Pathet (Javanese spelling; also patet) is an organizing concept in Central Javanese gamelan music. It is a system of tonal hierarchies in which some notes are emphasized more than others. The word means '"to damp, or to restrain from" in Javanese. Pathet is "a limitation on the player's choice of variation, so that while in one pathet a certain note may be prominent, in another it must be avoided, or used only for special effect. Awareness of such limitations, and exploration of variation within them reflects a basic philosophical aim of gamelan music, and indeed all art in central Java, namely, the restraint and refinement of one's own behaviour." Javanese often give poetic explanations of pathet, such as "Pathet is the couch or bed of a melody." In essence, a pathet indicates which notes are stressed in the melody, especially at the end of phrases (seleh), as well as determines which elaborations (cengkok and sekaran) are appropriate. In many cases, however, pieces are seen as in a mixture of pathets, and the reality is often more complicated than the generalizations indicated here, and depend on the particular composition and style.
In Javanese music there are traditionally six pathet, three for each tuning system, pelog and slendro. The systems correspond to each other in emphasized pitches, as in the table given below (given in kepatihan notation), although of course the numbers do not indicate the same frequencies.

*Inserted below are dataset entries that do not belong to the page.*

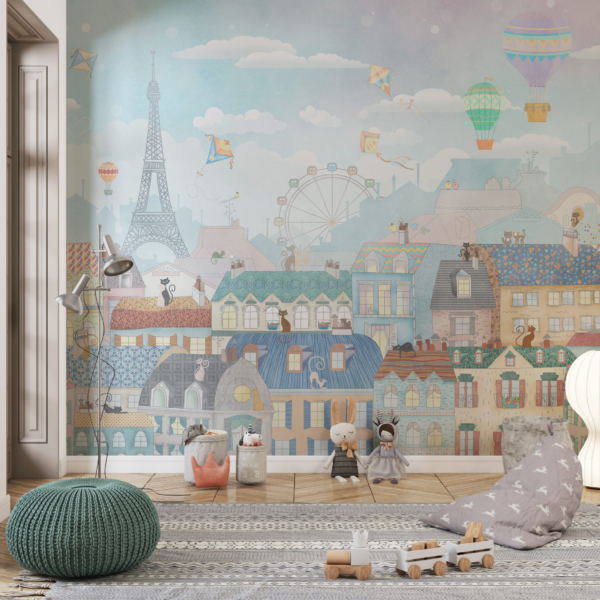 Barevná nástěnná malba v Paříži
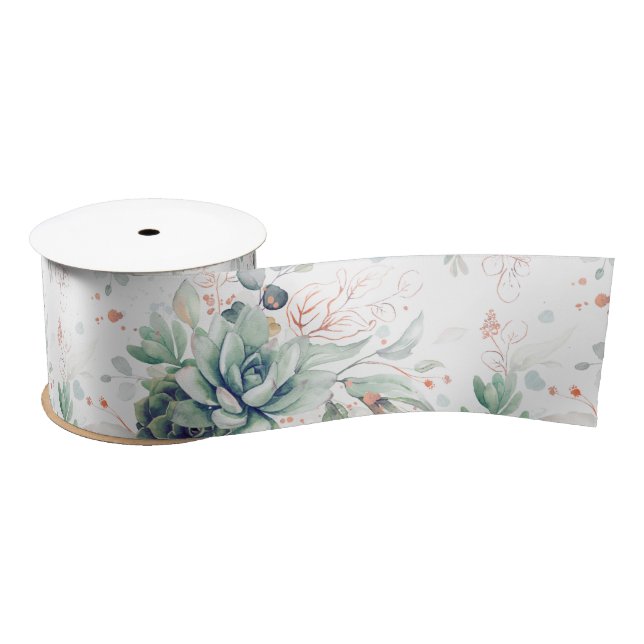 Succulents Blätter Grüne Elegante Botanische Archi Satinband (Spule)
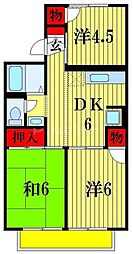メゾン高槁B棟 3DKの間取図画像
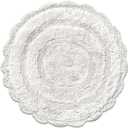 Chardin home White Crochet Bathrug,100% Cotton Round bathmat with artisanally Handcrafted Crochet Border, 24 Inch Diameter, Perfect for Half Baths, Powder Rooms, bathrooms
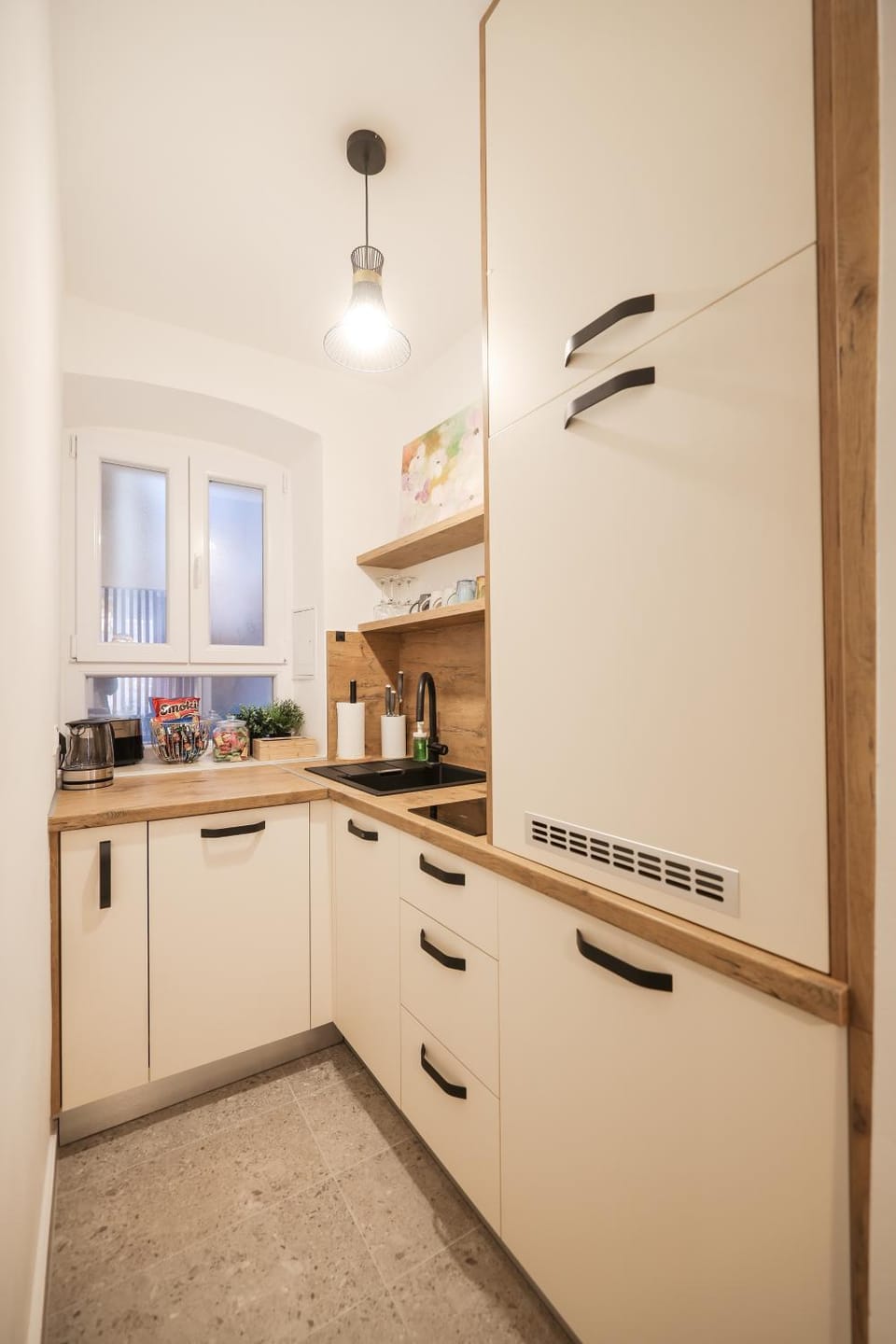 Kitchen or kitchenette, dishwasher, stove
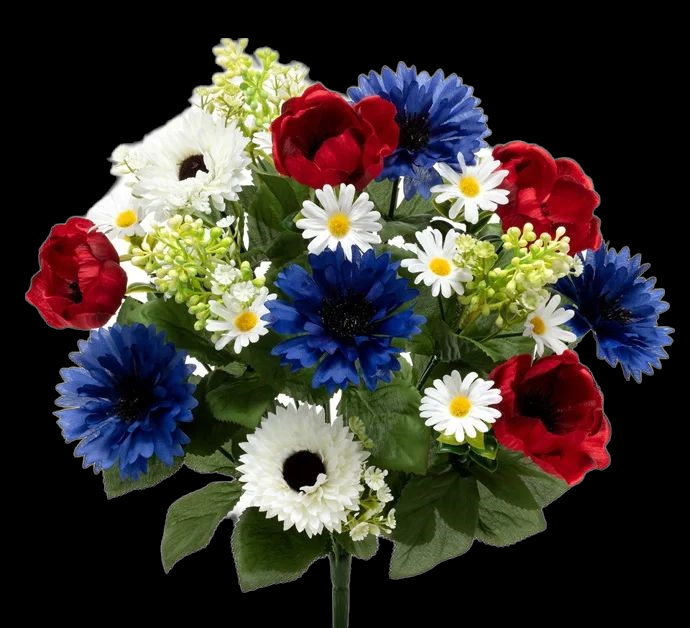 Red/White/Blue Poppy Cornflower Daisy Bush x 14
18"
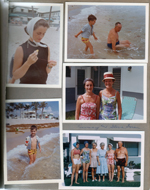 Hollywood Beach - Neptune - Rosemary with shells on beach. Alan and Girstle in ocean. Rosemary and Gloria Doran (April 21, 1965). Alan in ocean with Mickey Mouse Soaky bubble bath bottle. Susan, Gloria, Agnes Benfield, Rosemary, Bill Doran.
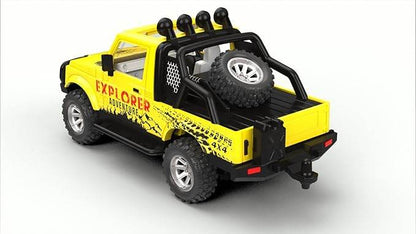 Yellow Centy pullback action toy car with off-road tires and explorer adventure graphics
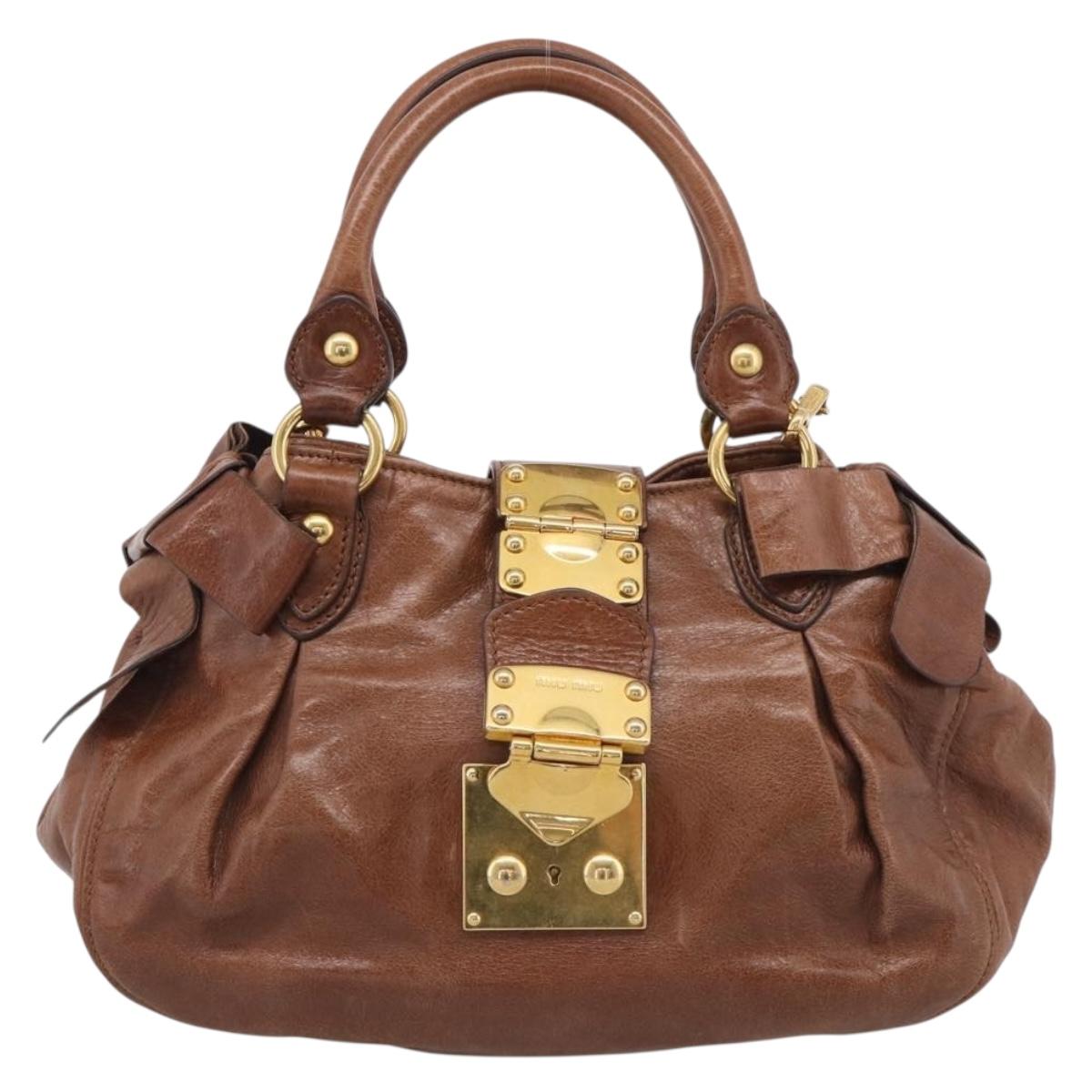 Miu Miu Hand Bag Leather 2way Brown Gold Auth 212725M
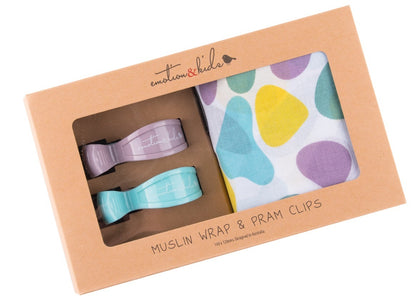 Muslin Wrap & Pram Clips Set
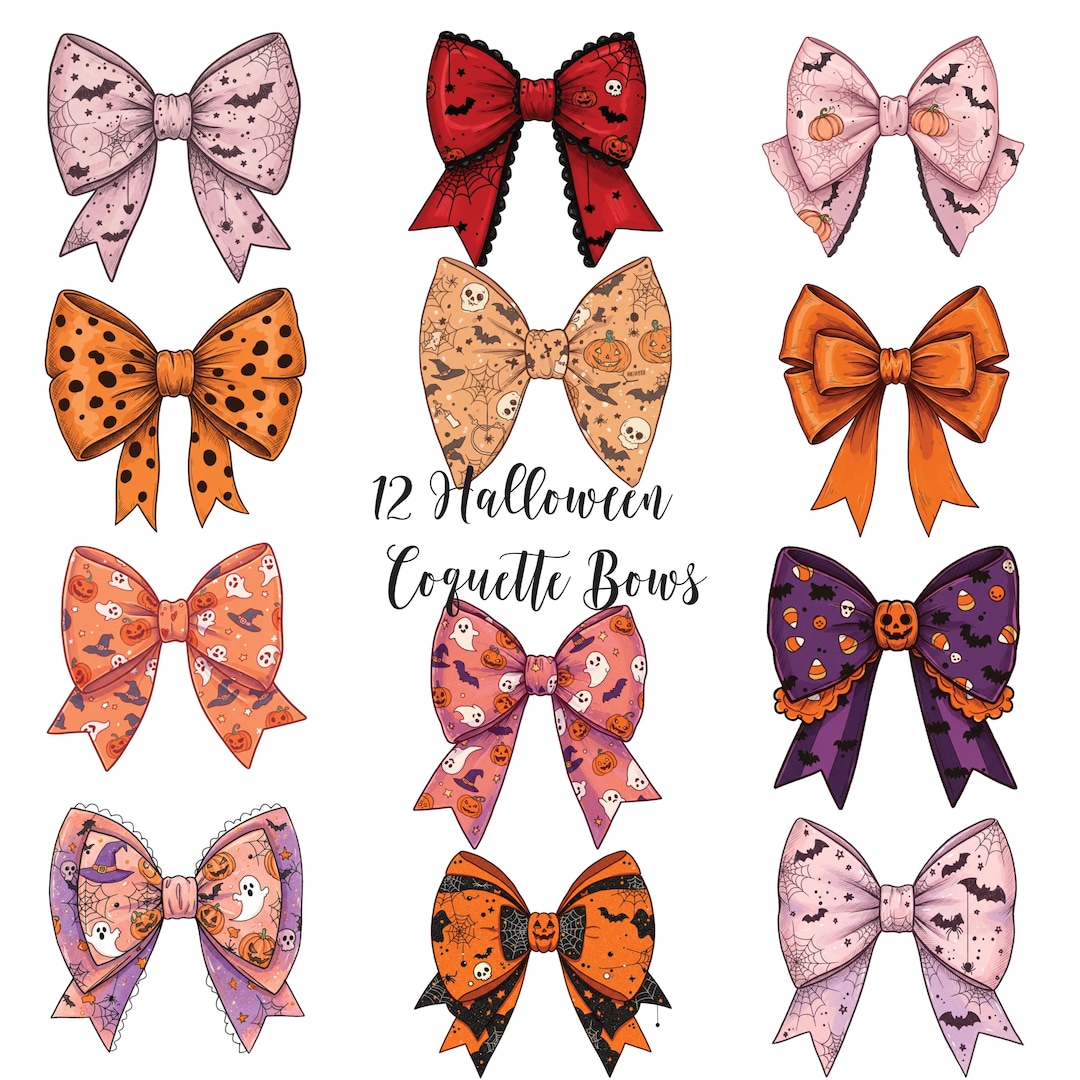 Halloween Coquette Bow Clipart Set: Spooky Girly PNG Graphics (digital ...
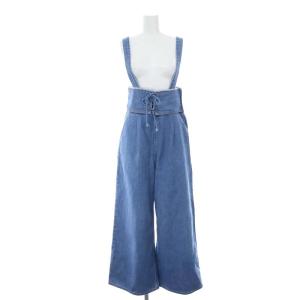 21SS ハイウエストデニムパンツ ジーンズ ワイド レースアップ サスペンダー付き 36 青 ブルー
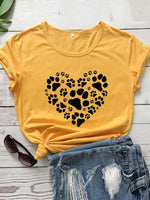 Load image into Gallery viewer, Casual love dog paw print T-shirt
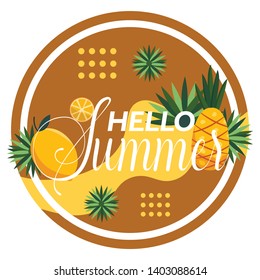 Hello Summer typographical background with tropical plants
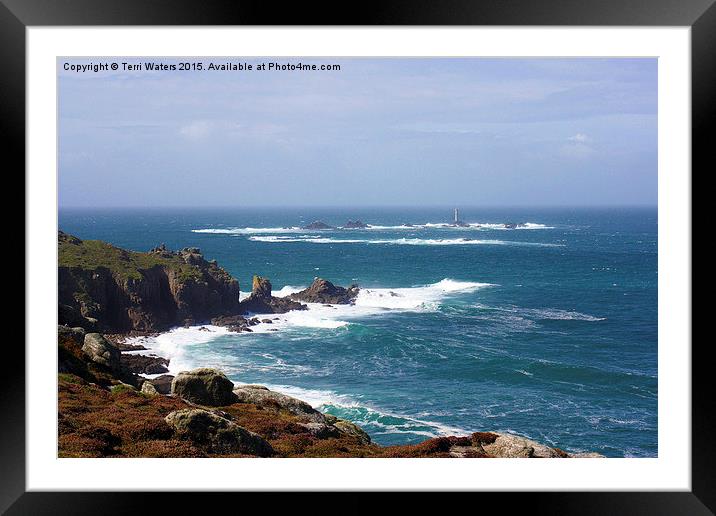 Lands End And Longships Lighthouse  Framed Mounted Print by Terri Waters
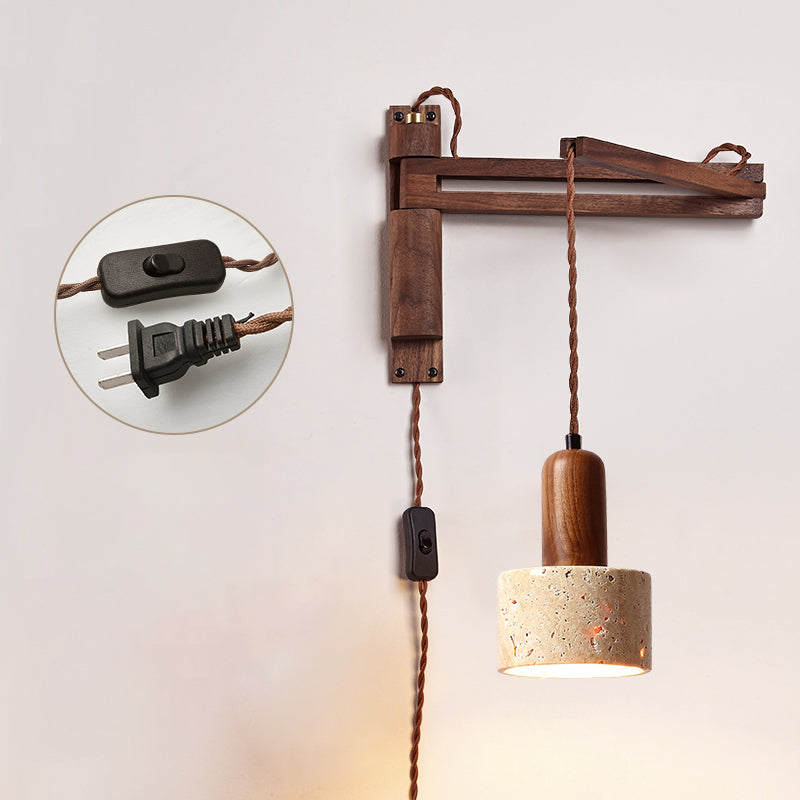 Cezoria Travertine Swing Arm Travertine Sconce Wall Lamp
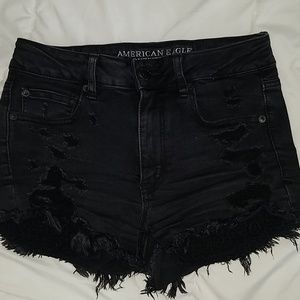 American Eagle black high waisted shorts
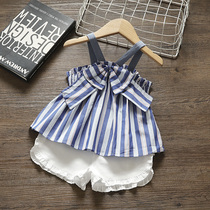 Baby girl set 2020 Summer new girl suspender shirt shorts two-piece set fashionable foreign girl dress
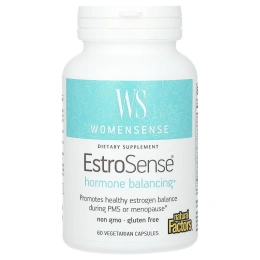 Natural Factors, WomenSense, EstroSense, баланс гормонов, 60 вегетарианских капсул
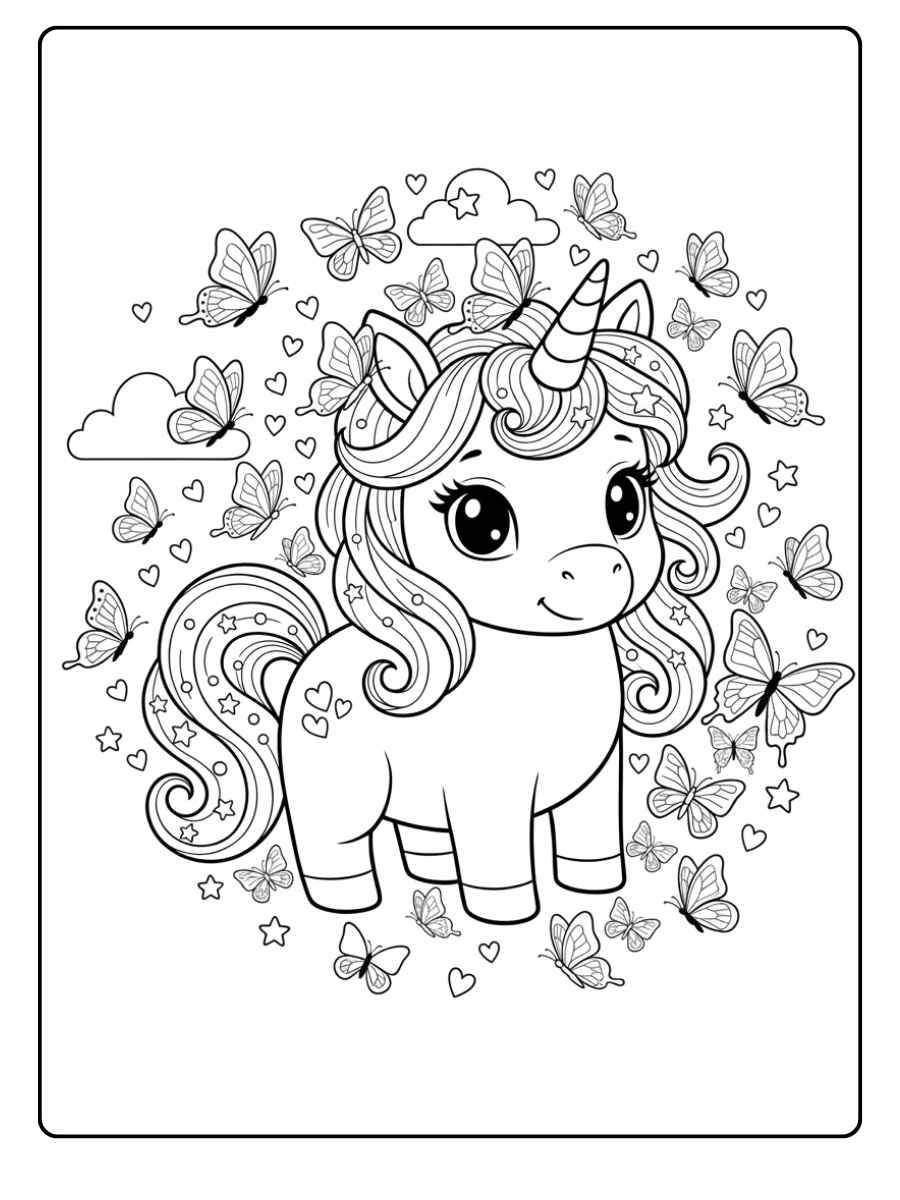 ausmalbild baby einhorn mit geschenkboxen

(Note: Pelog lima and slendro nem are not musically parallel.) The musical relationship between pathet makes it possible to transpose some pieces from one pathet to the other, as well as to share cengkok at different transpositions. Some of the direct transpositions of balungan: from manyura to sanga by dropping notes one scale degree; from manyura to pelog barang by changing pitch one to seven, and altering 2126 to 2756; from slendro sanga to pelog nem by playing the slendro balungan in pelog.
Mantle Hood's writing on pathet, no longer considered authoritative, proposed that in pélog, 4 is a "dissonant" pitch; elaborating instruments such as gendér and gambang often play the adjacent pitches 3 or 5 instead. The "avoided" notes are rare as seleh. The terms "tonic" and "dominant," are used by some sources. The Javanese use the terminology padhang and ulihan, or question and answer, to describe the semantics of a balungan or lagu (melody). Another system of designation proposed by Mantle Hood, was Gong Tone I for the stressed note, Dasar for the strong note, and Gong Tone II for another strong note involved in the cadential system.